◆ GOAL OF THE EXERCISE: Print this span of the material below exactly: the line with "NEW FOXBOX 30M DIVING WATCH - WORKING", the line with "Hotel Deskitsal Leh Kültér fotó", and every line between them, but nothing else.

◆ RECORDED INFORMATION:
_ _ _ _ _

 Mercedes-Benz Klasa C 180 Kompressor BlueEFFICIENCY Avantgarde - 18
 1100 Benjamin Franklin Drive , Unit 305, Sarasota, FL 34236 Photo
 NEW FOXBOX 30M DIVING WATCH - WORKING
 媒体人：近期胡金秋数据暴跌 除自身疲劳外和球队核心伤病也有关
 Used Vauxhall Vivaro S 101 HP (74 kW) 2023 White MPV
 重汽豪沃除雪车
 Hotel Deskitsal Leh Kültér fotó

_ _ _ _ _

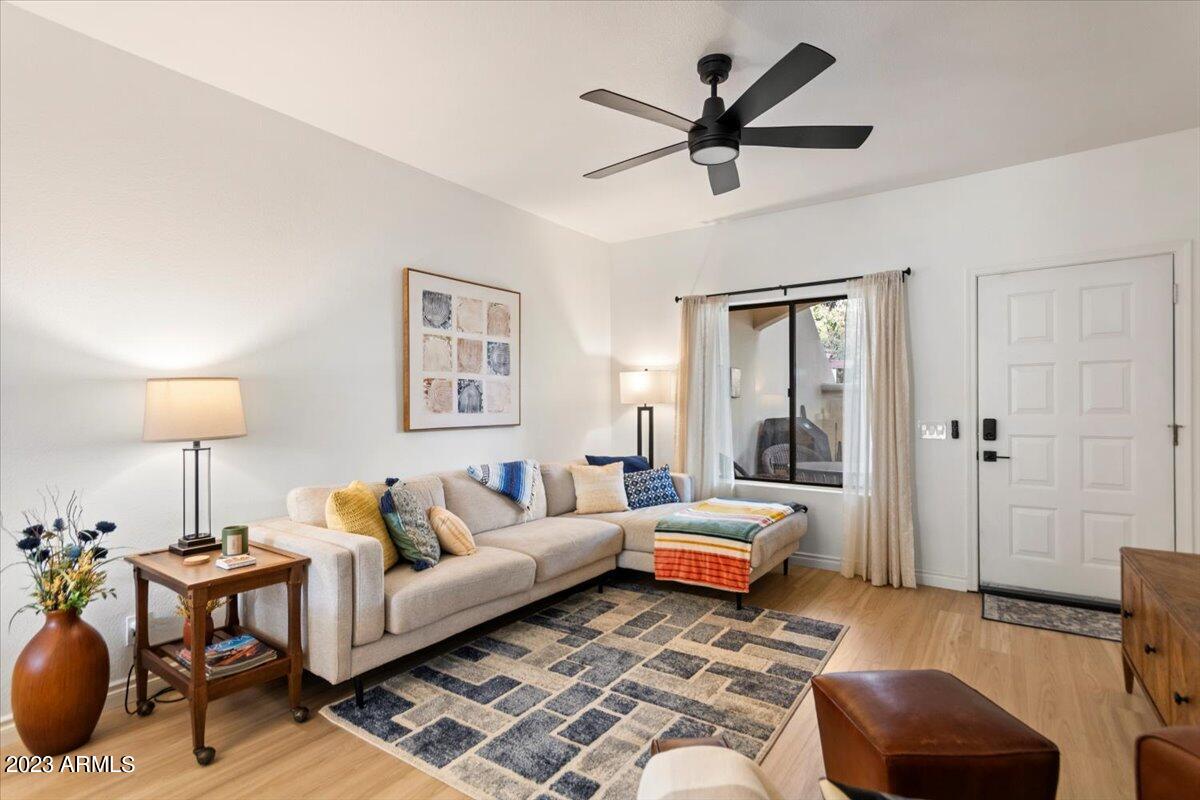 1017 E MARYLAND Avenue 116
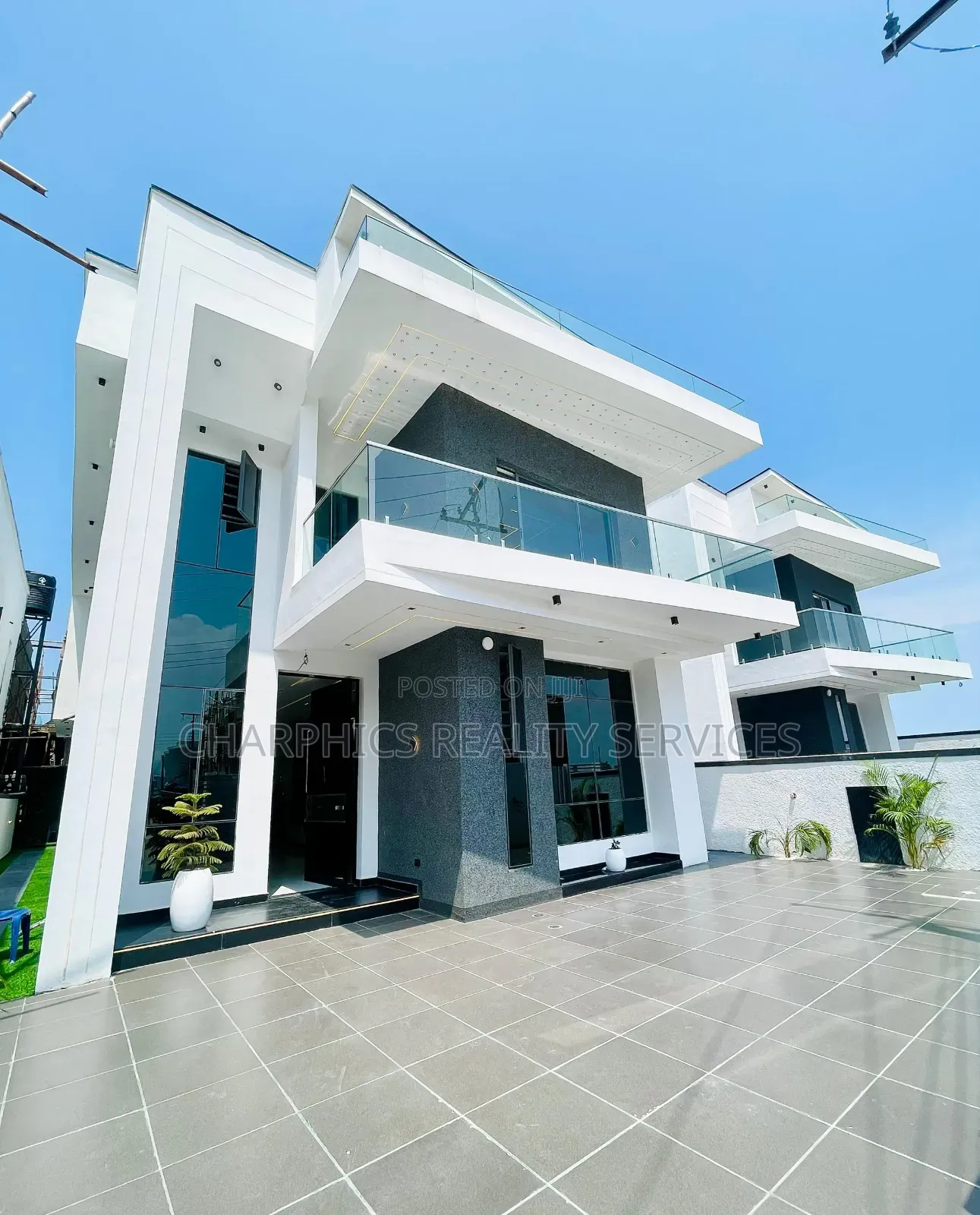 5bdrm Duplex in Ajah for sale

_ _ _ _ _

◆ TASK SOLUTION:
 NEW FOXBOX 30M DIVING WATCH - WORKING
 媒体人：近期胡金秋数据暴跌 除自身疲劳外和球队核心伤病也有关
 Used Vauxhall Vivaro S 101 HP (74 kW) 2023 White MPV
 重汽豪沃除雪车
 Hotel Deskitsal Leh Kültér fotó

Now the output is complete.